Le Manifeste - N° 11 - Décembre 2004
Éditorial
L'impérialisme à bout de souffle
La réélection de Bush n’est certes pas une bonne nouvelle
mais elle n’est pas franchement une surprise. Plus qu’un personnage, présenté
bien souvent en France comme un épouvantail à moineau, c’est la logique de
l’impérialisme qui triomphe. Qui prétendrait que John Kerry s’était inscrit en
rupture avec cette logique ? Les inégalités vertigineuses qu’engendre le
capitalisme aux USA, l’exacerbation de sa domination sur le monde, n’ont fait
l’objet d’aucun débat de fond entre les deux concurrents. Dès lors les millions
d’Américains qui souffrent ont continué de rester chez eux le jour du vote – la
participation « record » soulignée par les médias ne doit pas occulter le fait
que plus de 4 électeurs sur 10 se sont abstenus – voire ont voté Bush jugeant
qu’après tout il était le meilleur rempart contre le terrorisme.
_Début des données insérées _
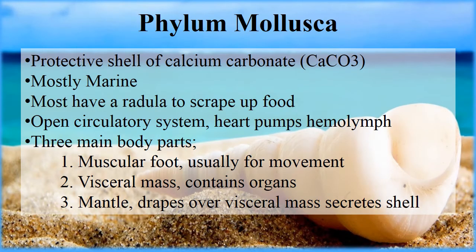Phylum Mollusca characteristics: they have a protective shell of calcium carbonate. Most of them are marine, but not all. Many have a radula used to scrape up food. They have an open circulatory system, meaning their heart pumps hemolymph out, it bathes all the tissues, and is then collected rather than running through veins. There are three main body parts: a muscular foot used for movement, a visceral mass containing all their organs, and a mantle that drapes over the visceral mass and secretes the shell.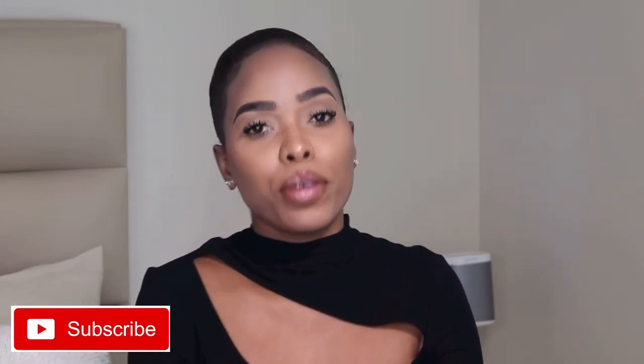Hi everybody, welcome back to my channel. Thank you to those who are returning, and if you're new here, welcome. My name is Ashley Angel Ford. I post videos about fashion, beauty, and lifestyle, so we are back with beauty content.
Les cris d’orfraie, en France, contre la réélection de Bush ne sont pas tous
dénués d’arrière-pensées, à la mesure des « espoirs » placés en un Kerry qui
n’en portait pourtant aucun. Mais la réalité est là : l’alternance n’est pas
l’alternative. Or l’évolution de l’impérialisme appelle l’alternative et non
l’alternance. Face à la misère qui galope, à un continent africain qui se meurt,
aux défis écologiques planétaires, à la terrible guerre en Irak, la seule
perspective de changement de leader et d’équipe dirigeante ne suffit plus. Il
faut inventer d’autres réponses politiques et surtout révolutionner le rapport
de la politique au monde. Il n’est plus possible de laisser à ce point le champ
libre aux financiers, banquiers et boursicoteurs de haut vol. La loi du marché
est obsolète dans des domaines vitaux pour l’humanité : alimentation, énergie,
santé, éducation, logement, eau… Les sociétés humaines sont de plus en plus
interdépendantes. Elles ont plus que jamais besoin de solidarité, de fraternité,
d’une autre cohésion que celle de Borloo, qui signifie l’assujettissement des
peuples aux classes dominantes bourgeoises. La loi de la jungle qui y sévit
durement fait de plus en plus figure d’antique barbarie. Singulier paradoxe de
l’histoire : c’est au moment où l’impérialisme apparaît au faîte de sa puissance
que sa fin semble le plus nécessaire.